→ **Task objective**
Retype the lines from the one containing "武汉到桂林自助游攻略,武汉到桂林自助游攻略路线" through the last line of the entries below, exactly and in full, omitting every image.

-- Supplied records follows --

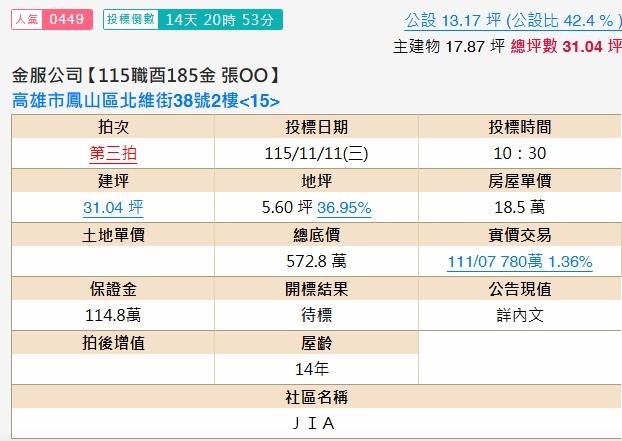 高雄鳳山大樓法拍-2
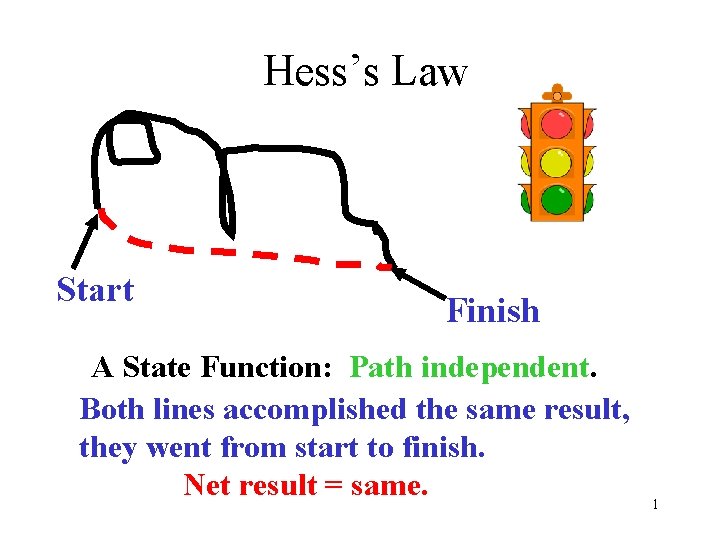 Hess’s Law Start Finish A State Function: Path independent. Both lines accomplished the same
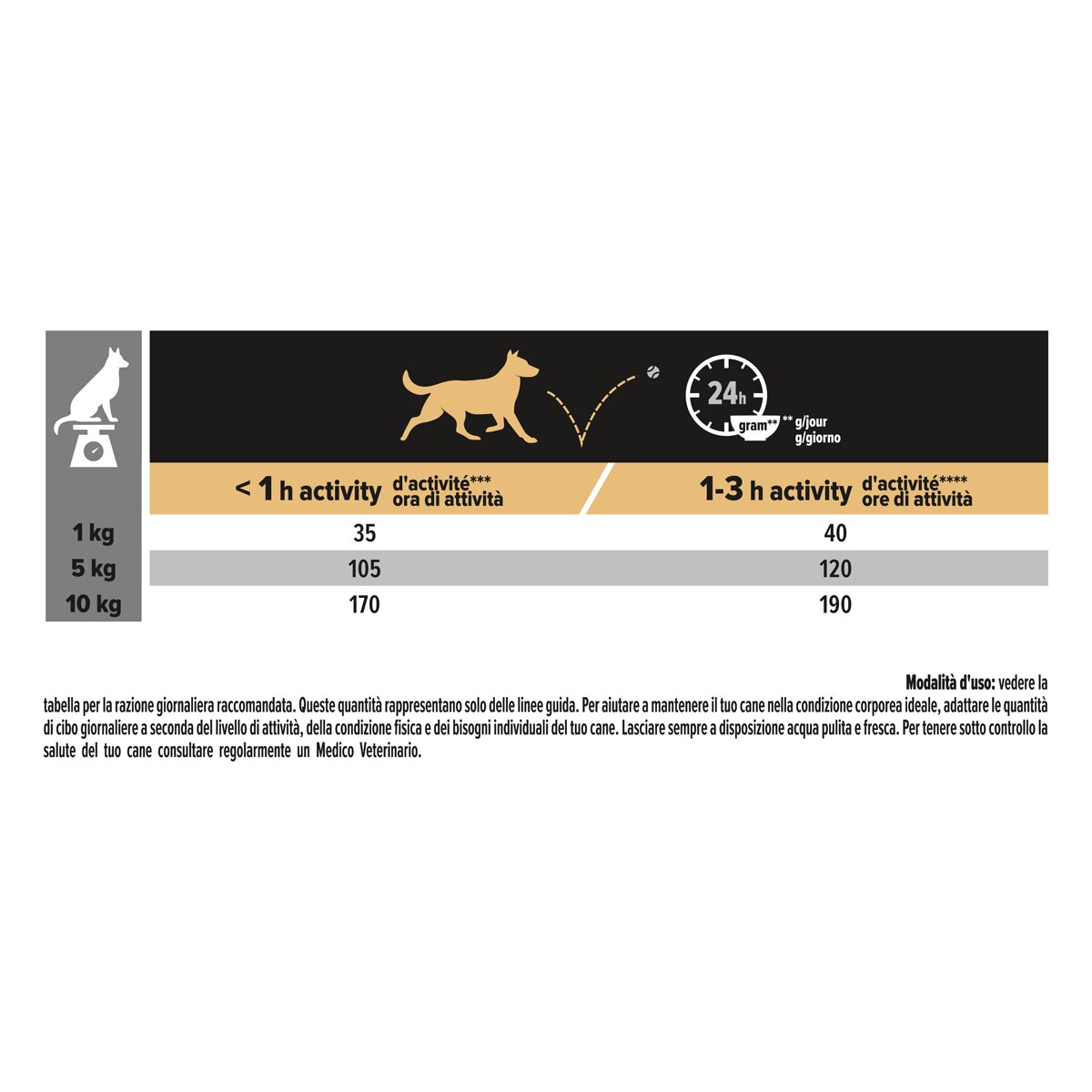 Purina Pro Plan Grain Free Formula Small & Mini Adult Sensitive Digestion Ricco In Tacchino
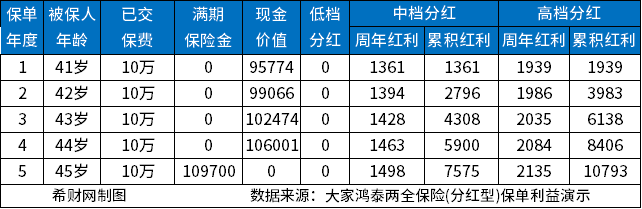 20230410145638476.jpg 理财保险到期能不能全部拿回本金?附现金价值表进行说明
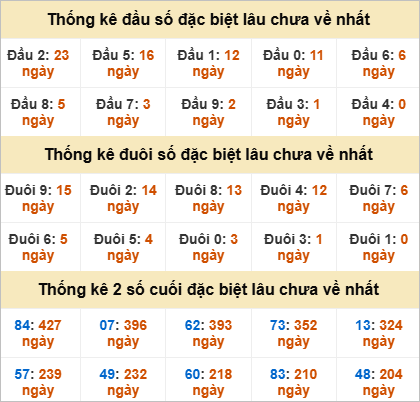 Thống kê giải đặc biệt Sóc Trăng gan nhất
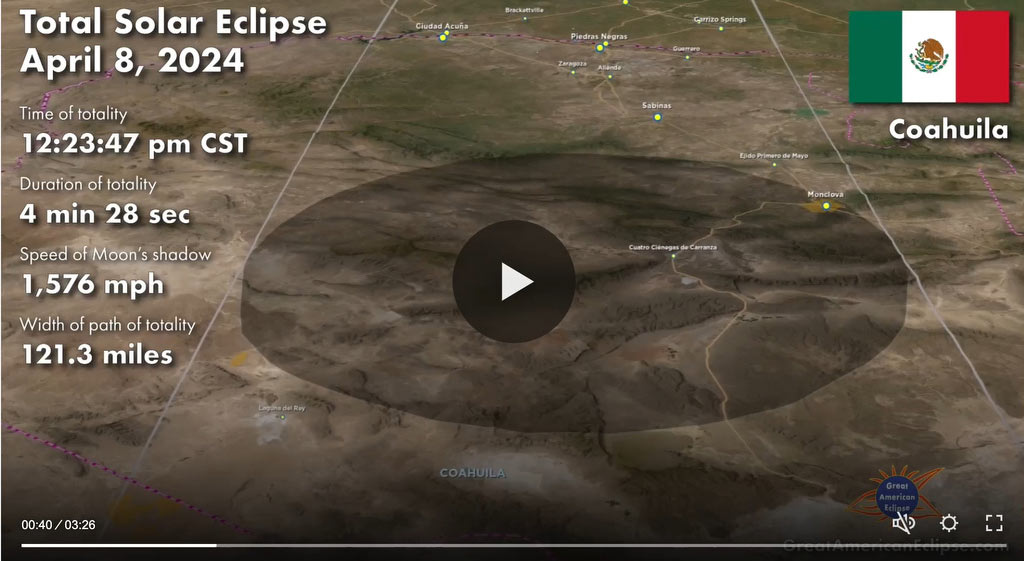eclipse ground track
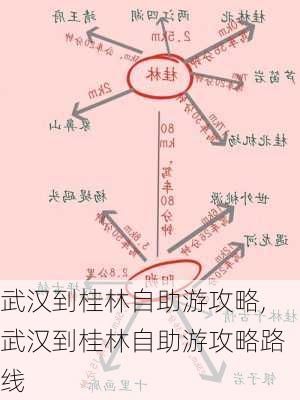 武汉到桂林自助游攻略,武汉到桂林自助游攻略路线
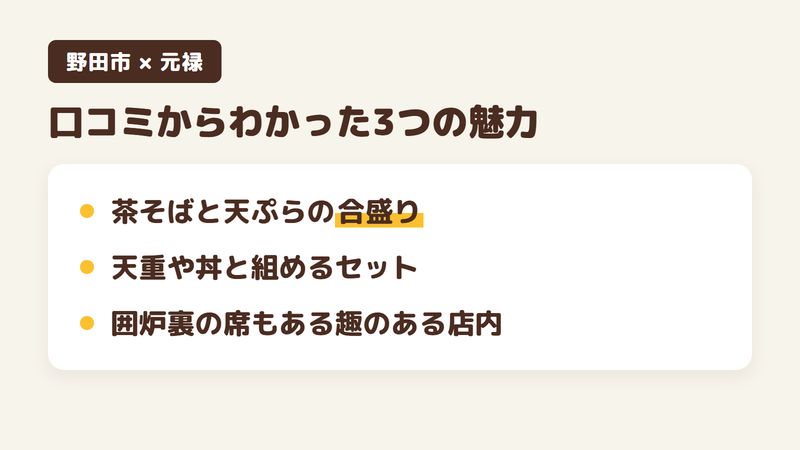 千葉県野田市宮崎のそば屋「蕎麦処 元禄」の口コミからわかった3つの魅力（茶そばと天ぷらの合盛り／天重や丼と組めるセット／囲炉裏の席もある趣のある店内）をまとめた画像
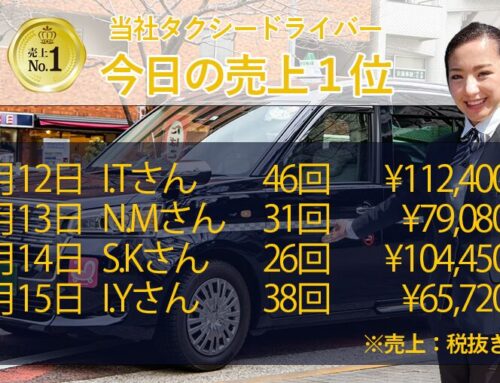 2025年9月12日～15日　売上トップタクシードライバー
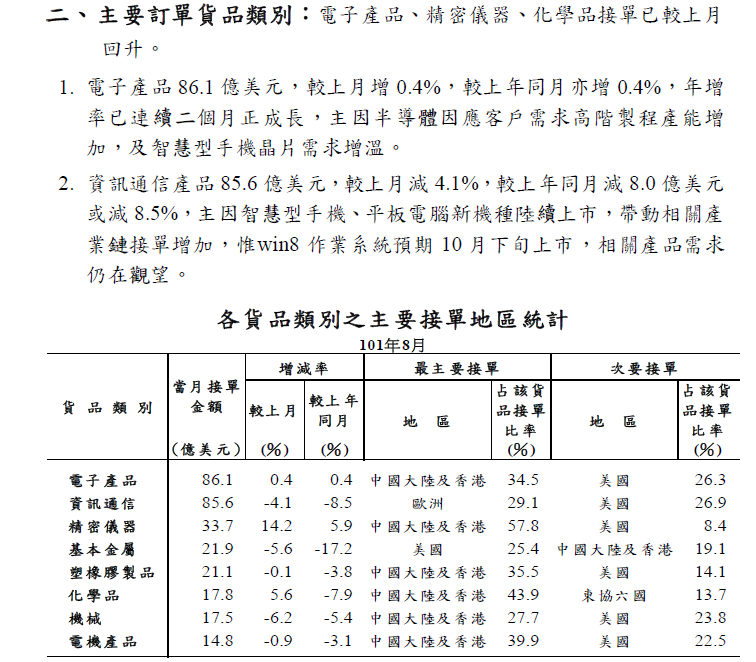 按一下觀看原始大小圖片(熱鍵:n)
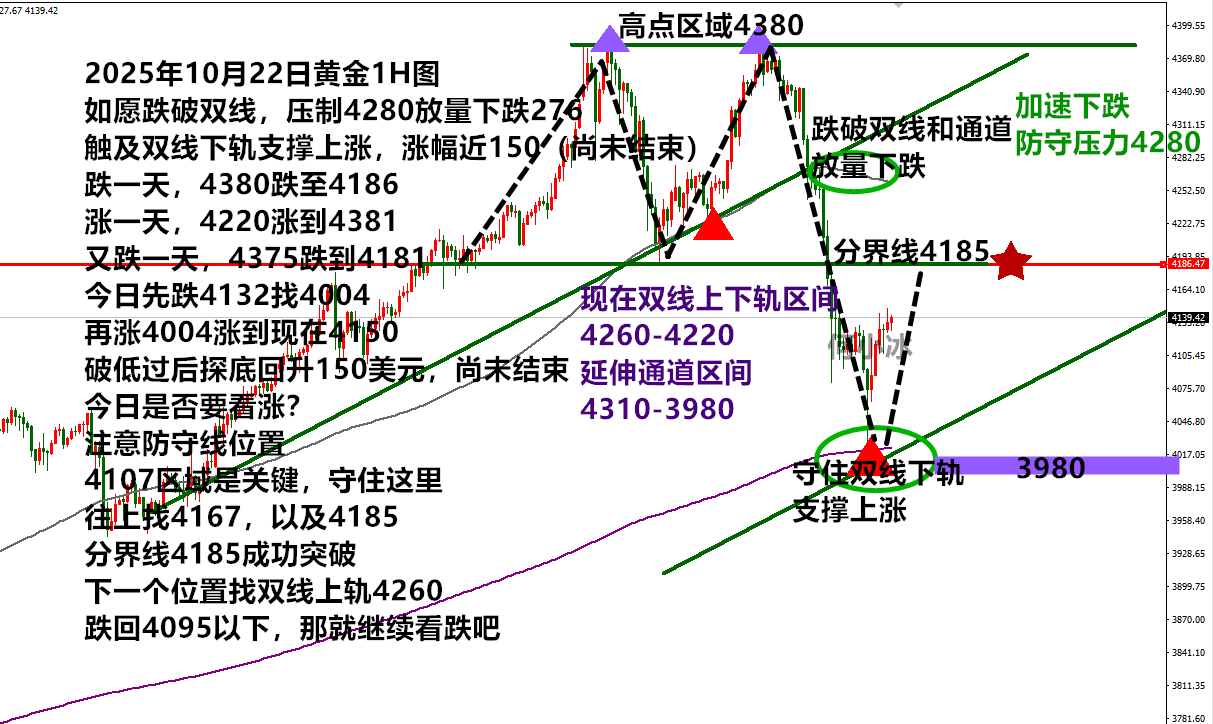 1022黄金.png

-- Supplied records concluded --

→ **Exercise response**
 武汉到桂林自助游攻略,武汉到桂林自助游攻略路线
 千葉県野田市宮崎のそば屋「蕎麦処 元禄」の口コミからわかった3つの魅力（茶そばと天ぷらの合盛り／天重や丼と組めるセット／囲炉裏の席もある趣のある店内）をまとめた画像
 2025年9月12日～15日　売上トップタクシードライバー
 按一下觀看原始大小圖片(熱鍵:n)
 1022黄金.png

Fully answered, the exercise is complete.